Había una vez, en el recóndito pueblo de Luzánima, donde las noches eran tan claras como los días, un fenómeno curioso y misterioso que preocupaba a todos sus habitantes. Cada noche, justo cuando la luna alcanzaba su cenit y las estrellas titilaban con más fuerza, un gran apagón azotaba el pueblo. Durante unas horas, la oscuridad era tan profunda que ni siquiera las velas podían encenderse.
En Luzánima, la gente temía a estas horas sin luz y les llamaban “Las Horas Sombreadas”. Los niños se escondían bajo sus mantas, y los adultos miraban nerviosos por las ventanas. Todos hablaban de los Tragaluces, seres míticos que según decían, eran pequeñas ardillas de sombra que se alimentaban de partículas de luz.
Nadie había visto realmente a un Tragaluz, pero eso no impedía que el pueblo entero creyera en ellos. Se decía que estos seres vivían en el Bosque Negro, un lugar tan sombrío que la luz del sol nunca lograba penetrar entre sus densos árboles.
Lía, una niña valiente y curiosa de Luzánima, estaba determinada a descubrir la verdad sobre los Tragaluces y el misterio del Gran Apagón. Una noche, armada con una linterna y un cuaderno para anotar sus descubrimientos, se aventuró hacia el Bosque Negro.

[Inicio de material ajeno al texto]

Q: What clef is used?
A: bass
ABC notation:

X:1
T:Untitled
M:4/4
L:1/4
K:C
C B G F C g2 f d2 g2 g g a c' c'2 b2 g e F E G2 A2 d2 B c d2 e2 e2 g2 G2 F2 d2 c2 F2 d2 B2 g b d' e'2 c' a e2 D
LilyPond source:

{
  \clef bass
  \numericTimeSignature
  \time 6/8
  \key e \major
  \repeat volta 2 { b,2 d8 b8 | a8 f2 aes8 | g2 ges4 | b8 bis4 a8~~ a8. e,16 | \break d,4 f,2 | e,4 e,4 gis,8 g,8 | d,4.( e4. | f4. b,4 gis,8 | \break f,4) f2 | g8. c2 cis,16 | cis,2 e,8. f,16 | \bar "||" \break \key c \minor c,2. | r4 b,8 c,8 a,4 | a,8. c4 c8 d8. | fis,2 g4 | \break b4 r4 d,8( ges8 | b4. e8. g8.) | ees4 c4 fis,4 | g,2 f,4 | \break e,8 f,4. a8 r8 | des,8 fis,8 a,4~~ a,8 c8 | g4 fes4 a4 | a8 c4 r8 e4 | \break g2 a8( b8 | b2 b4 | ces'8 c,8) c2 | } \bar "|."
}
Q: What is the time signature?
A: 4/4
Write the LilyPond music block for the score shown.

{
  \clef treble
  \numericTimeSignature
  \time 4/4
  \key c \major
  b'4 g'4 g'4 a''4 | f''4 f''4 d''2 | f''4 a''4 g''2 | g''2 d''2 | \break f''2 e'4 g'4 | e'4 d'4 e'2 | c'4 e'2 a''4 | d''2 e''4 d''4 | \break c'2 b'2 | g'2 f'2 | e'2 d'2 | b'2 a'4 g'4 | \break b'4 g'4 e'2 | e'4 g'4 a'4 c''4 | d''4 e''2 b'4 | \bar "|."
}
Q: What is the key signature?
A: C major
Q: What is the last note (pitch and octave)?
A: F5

A medida que Lía se adentraba en el bosque, la oscuridad se hacía más intensa y su linterna parecía menos efectiva. Los sonidos del bosque eran distintos a cualquier cosa que hubiera escuchado antes; susurros entre los árboles y crujidos bajo sus pies. De repente, algo se movió en la oscuridad.

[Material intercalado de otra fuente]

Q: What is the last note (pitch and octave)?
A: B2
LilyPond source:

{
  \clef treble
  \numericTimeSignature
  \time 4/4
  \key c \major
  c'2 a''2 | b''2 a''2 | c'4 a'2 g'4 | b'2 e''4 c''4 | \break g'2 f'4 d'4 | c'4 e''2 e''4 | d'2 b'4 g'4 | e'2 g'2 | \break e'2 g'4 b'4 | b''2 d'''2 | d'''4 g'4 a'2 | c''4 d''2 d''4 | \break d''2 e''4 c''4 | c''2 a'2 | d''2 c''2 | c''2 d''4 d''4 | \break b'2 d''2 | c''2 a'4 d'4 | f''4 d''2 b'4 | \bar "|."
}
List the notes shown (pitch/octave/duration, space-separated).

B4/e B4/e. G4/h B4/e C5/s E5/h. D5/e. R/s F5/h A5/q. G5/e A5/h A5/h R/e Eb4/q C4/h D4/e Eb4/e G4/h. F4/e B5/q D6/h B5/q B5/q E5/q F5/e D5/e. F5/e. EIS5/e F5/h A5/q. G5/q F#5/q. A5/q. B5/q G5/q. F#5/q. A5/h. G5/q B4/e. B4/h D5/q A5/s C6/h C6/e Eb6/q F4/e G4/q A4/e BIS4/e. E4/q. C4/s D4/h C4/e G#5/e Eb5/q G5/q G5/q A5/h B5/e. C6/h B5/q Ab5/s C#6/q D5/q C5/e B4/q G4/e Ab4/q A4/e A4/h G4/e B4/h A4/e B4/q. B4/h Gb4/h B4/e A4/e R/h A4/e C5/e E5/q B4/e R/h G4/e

Con el corazón latiendo a mil por hora, Lía apuntó con su linterna hacia donde había visto el movimiento. Ante ella aparecieron unos ojos brillantes, pequeños y curiosos. Era un Tragaluz, justo como los imaginaba, pero mucho menos temible. Su cuerpo parecía hecho de sombras y sus ojos brillaban con una luz propia.
—Hola, pequeño amigo —susurró Lía.
El Tragaluz se acercó cautelosamente, como si entendiera sus palabras. Lía se agachó para observarlo mejor y notó algo sorprendente: cada vez que el Tragaluz respiraba cerca de su linterna, la luz se atenuaba.

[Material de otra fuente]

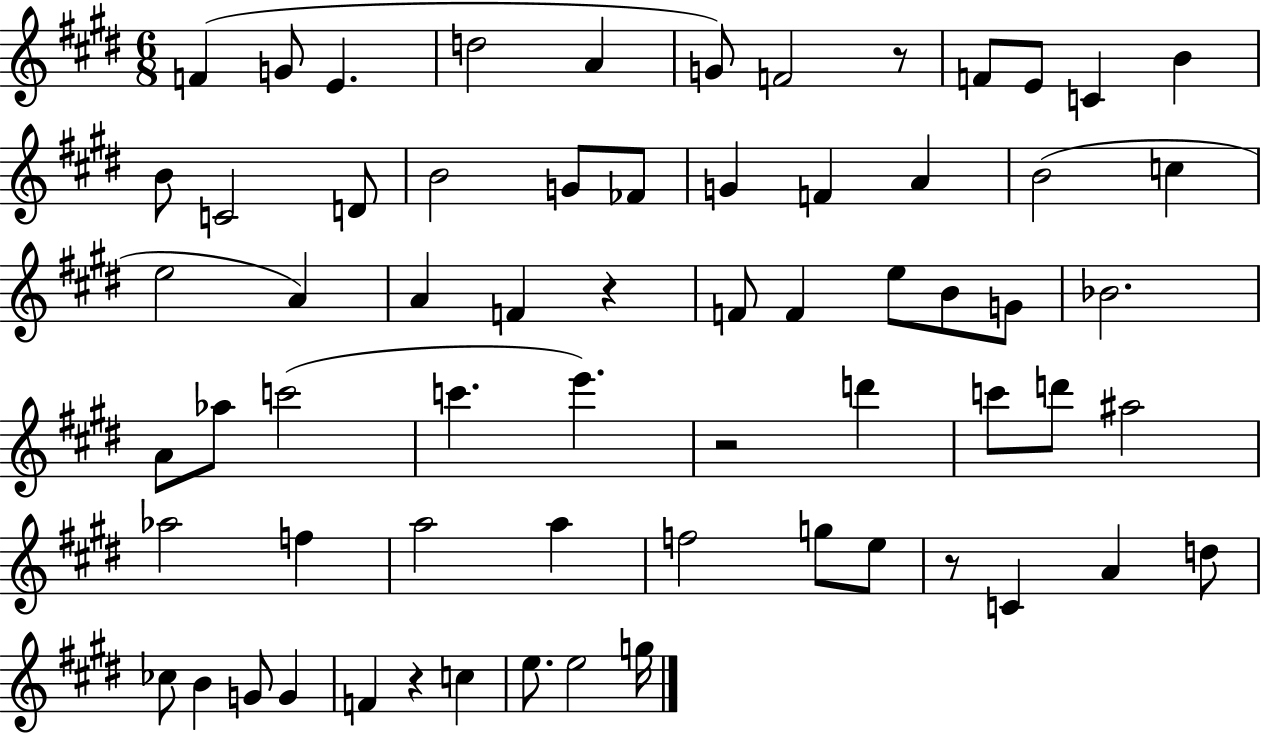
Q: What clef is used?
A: treble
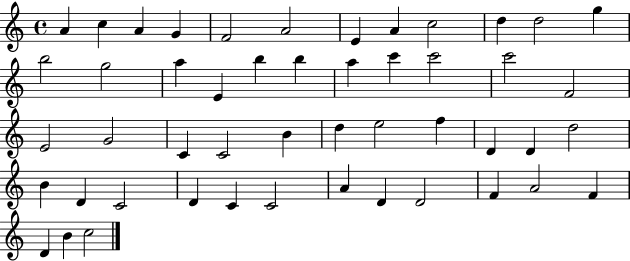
A4/q C5/q A4/q G4/q F4/h A4/h E4/q A4/q C5/h D5/q D5/h G5/q B5/h G5/h A5/q E4/q B5/q B5/q A5/q C6/q C6/h C6/h F4/h E4/h G4/h C4/q C4/h B4/q D5/q E5/h F5/q D4/q D4/q D5/h B4/q D4/q C4/h D4/q C4/q C4/h A4/q D4/q D4/h F4/q A4/h F4/q D4/q B4/q C5/h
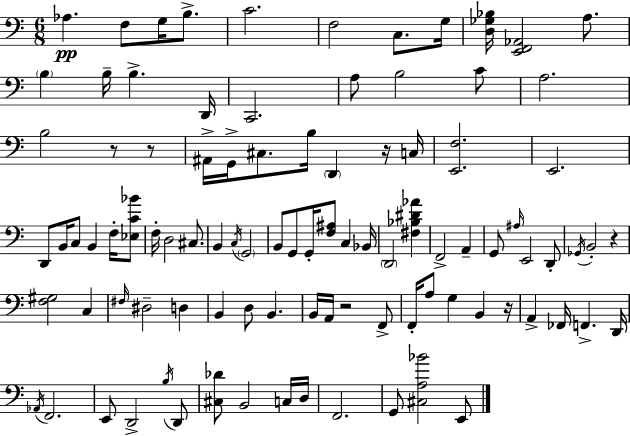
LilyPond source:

{
  \clef bass
  \numericTimeSignature
  \time 6/8
  \key c \major
  aes4.\pp f8 g16 b8.-> | c'2. | f2 c8. g16 | <d ges bes>16 <e, f, aes,>2 a8. | \break \parenthesize b4 b16-- b4.-> d,16 | c,2. | a8 b2 c'8 | a2. | \break b2 r8 r8 | ais,16-> g,16-> cis8. b16 \parenthesize d,4 r16 c16 | <e, f>2. | e,2. | \break d,8 b,16 c8 b,4 f16-. <ees c' bes'>8 | f16-. d2 cis8. | b,4 \acciaccatura { c16 } \parenthesize g,2 | b,8 g,8 g,16-. <f ais>8 c4 | \break bes,16 \parenthesize d,2 <fis bes dis' aes'>4 | f,2-> a,4-- | g,8 \grace { ais16 } e,2 | d,8-. \acciaccatura { ges,16 } b,2-. r4 | \break <f gis>2 c4 | \grace { fis16 } dis2-- | d4 b,4 d8 b,4. | b,16 a,16 r2 | \break f,8-> f,16-. a8 g4 b,4 | r16 a,4-> fes,16 f,4.-> | d,16 \acciaccatura { aes,16 } f,2. | e,8 d,2-> | \break \acciaccatura { b16 } d,8 <cis des'>8 b,2 | c16 d16 f,2. | g,8 <cis a bes'>2 | e,8 \bar "|."
}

—Así que ustedes se alimentan de luz —murmuró Lía, juntando las piezas del misterio—. Pero, ¿por qué necesitan tanto que nos dejan en completa oscuridad?
El Tragaluz miró hacia Lía y luego saltó hacia un árbol, señalándola para que lo siguiera. Guiada por el pequeño ser, llegaron a un claro donde cientos de Tragaluces se reunían alrededor de una estructura cristalina que parecía almacenar luz.
Lía observó asombrada cómo los Tragaluces alimentaban el cristal con la luz que absorbían. Entonces, uno de los Tragaluces más grandes se acercó y, de alguna manera, comenzó a proyectar imágenes en la luz del cristal. Las imágenes mostraban el pasado de Luzánima, cuando la luz era tan intensa que quemaba las plantas y hacía imposible la vida de muchos seres del bosque.
Los Tragaluces no estaban robando la luz, la estaban guardando para equilibrar el día con la noche, para que todo en Luzánima pudiera crecer y prosperar en armonía.
Lía corrió de vuelta al pueblo, emocionada por compartir su descubrimiento. Convocó a una reunión con los aldeanos y les contó todo sobre los Tragaluces y su verdadero propósito.
Desde entonces, Luzánima aprendió a vivir en equilibrio con la naturaleza. Las Horas Sombreadas ya no eran temidas, sino celebradas, sabiendo que la oscuridad también era necesaria para la vida. Los Tragaluces, una vez vistos como ladrones de luz, ahora eran considerados protectores de la armonía del pueblo.
Y así, Lía ayudó a su pueblo a ver que a veces, lo que consideramos malo, simplemente es algo que no hemos entendido completamente. Luzánima nunca olvidó la lección, y Lía fue recordada como la niña que trajo luz a la oscuridad, en más de un sentido.